The increased cost of energy from fossil fuel sources which occurred in the years following 1973 has prompted a search for more economical sources of energy. One source used from antiquity is wind. Unfortunately, wind has always had the disadvantage of extreme variability in the energy available from it. Particularly when one attempted to generate electricity from wind power this required some elaborate and expensive scheme for storing the wind energy in times of excess so that it could be used in times of deficiency. In the early designs of wind electric machines for example, this storage technique depended on a bank of lead-acid batteries which could be charged and discharged as the wind speed and demand for energy dictated.
A new concept in energy storage, in part mandated by Federal law, is to use the nation's power grid structure as the storage unit. Excess power generated by a privately owned generating unit can be fed into the power grid. The energy is not really "stored" in the grid, but instead serves to reduce the generating requirements at the utility-owned generating stations. The net use of electricity by the private owner of a wind electric generator can be monitored in the usual fashion, and the account credited or debited accordingly as the private system's owner supplies excess electricity to the grid or uses utility-generated electricity.
Wind generator units which are available now typically employ synchronous electric generation. This requires that the generator speed be controlled very accurately so as to keep the generator frequency and phase in close relationship with the power grid itself. Failure to do so can result in the equivalent of a short circuit between the power grid and the motor, which must be immediately detected by circuit breakers to prevent damage to the generator.
Although not generally realized, an induction generator (which is simply an induction motor) can be used to supply power to a power grid. The grid itself furnishes the necessary excitation current to establish the initial poles. Since an induction motor/generator has no salient poles, the exciting current establishes the poles properly to place the generator in phase with the power grid current. Thereafter, as the power input to the induction motor/generator varies, the slip changes and the poles shift magnetically to match the phase of the power grid current, with the added bonus of acceptable power factor as well. Induction generators are not as efficient in converting mechanical energy to electrical as are synchronous generators, and this is important in very large installations. These installations also can afford the capital costs involved in providing the necessary speed and phase control. But in a situation where the mechanical energy input is nearly free, the efficiency of the generator is not as important as the system capital cost and reliability.
The theory of induction generation has been known for many years. Two representative references, Alternating Current Machines, p. 208 ff., 1948, D. Van Nostrand, and Induction Generator Theory and Application, Barkle and Ferguson, AIEE Transactions, February 1954, each contain a useful discussion of the induction machine's application for use as a generator. Barkle et al. state that simply placing the induction generator on a power grid which has sufficient synchronous generating capacity is sufficient to automatically synchronize the induction generator with the power grid frequency and phase. Thus, the induction generator enjoys a substantial advantage over the synchronous generator with respect to the amount of control of phase and frequency required for successful operation. In fact, Barkle et al. show that the difference between an induction machine operating as a generator or as a motor is simply whether or not the output shaft is driving a load for motor operation or is being driven by a prime mover.

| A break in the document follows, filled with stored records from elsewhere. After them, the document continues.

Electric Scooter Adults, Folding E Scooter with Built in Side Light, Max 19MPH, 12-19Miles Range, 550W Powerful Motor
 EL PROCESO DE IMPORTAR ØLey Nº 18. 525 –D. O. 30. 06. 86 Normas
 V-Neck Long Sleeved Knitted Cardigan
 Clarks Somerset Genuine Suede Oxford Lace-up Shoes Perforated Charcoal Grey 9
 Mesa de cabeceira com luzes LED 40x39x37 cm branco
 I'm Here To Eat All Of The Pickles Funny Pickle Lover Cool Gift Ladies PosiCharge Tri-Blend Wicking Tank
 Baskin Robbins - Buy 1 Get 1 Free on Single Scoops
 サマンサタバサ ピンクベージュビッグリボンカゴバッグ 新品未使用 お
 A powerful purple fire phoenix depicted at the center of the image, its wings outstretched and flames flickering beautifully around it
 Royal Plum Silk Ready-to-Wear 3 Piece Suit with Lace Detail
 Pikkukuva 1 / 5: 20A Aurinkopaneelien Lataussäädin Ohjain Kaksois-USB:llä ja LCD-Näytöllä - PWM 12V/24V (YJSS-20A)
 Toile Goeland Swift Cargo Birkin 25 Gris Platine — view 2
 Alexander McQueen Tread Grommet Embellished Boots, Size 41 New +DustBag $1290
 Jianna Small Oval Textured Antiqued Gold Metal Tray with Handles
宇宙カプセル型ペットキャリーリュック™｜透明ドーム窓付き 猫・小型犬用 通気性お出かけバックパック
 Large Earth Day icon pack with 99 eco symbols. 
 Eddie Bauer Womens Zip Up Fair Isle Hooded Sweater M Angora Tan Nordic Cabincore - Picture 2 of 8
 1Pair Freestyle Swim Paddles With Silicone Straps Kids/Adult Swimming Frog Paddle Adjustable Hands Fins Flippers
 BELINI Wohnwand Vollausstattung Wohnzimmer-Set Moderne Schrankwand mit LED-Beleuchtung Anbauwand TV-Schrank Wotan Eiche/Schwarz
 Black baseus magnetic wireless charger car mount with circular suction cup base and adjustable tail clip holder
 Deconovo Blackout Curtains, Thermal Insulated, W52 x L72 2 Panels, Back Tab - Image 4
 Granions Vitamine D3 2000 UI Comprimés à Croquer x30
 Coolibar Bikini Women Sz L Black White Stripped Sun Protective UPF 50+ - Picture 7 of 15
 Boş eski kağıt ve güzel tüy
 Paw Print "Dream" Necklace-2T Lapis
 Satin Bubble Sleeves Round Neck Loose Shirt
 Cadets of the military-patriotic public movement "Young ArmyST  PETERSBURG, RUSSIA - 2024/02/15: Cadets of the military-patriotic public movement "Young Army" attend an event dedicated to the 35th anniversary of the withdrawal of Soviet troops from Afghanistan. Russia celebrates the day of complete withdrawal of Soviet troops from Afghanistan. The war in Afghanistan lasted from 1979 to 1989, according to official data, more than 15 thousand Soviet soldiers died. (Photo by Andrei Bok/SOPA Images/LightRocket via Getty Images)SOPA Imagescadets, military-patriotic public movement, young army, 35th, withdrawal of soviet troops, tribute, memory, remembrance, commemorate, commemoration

If the machine is to operate as a generator, it must be driven at greater than its synchronous speed, i.e. with "negative" slip. FIG. 3 graphically illustrates this principle. When the machine's shaft speed is less than its synchronous speed identified by the 0 slip line labelled 600-900-1200, it functions as a motor and produces output torque in response to the input of electric power. When a prime mover drives the machine's shaft at greater than the synchronous speed, then electric flow power is out of the machine, and it functions as a generator.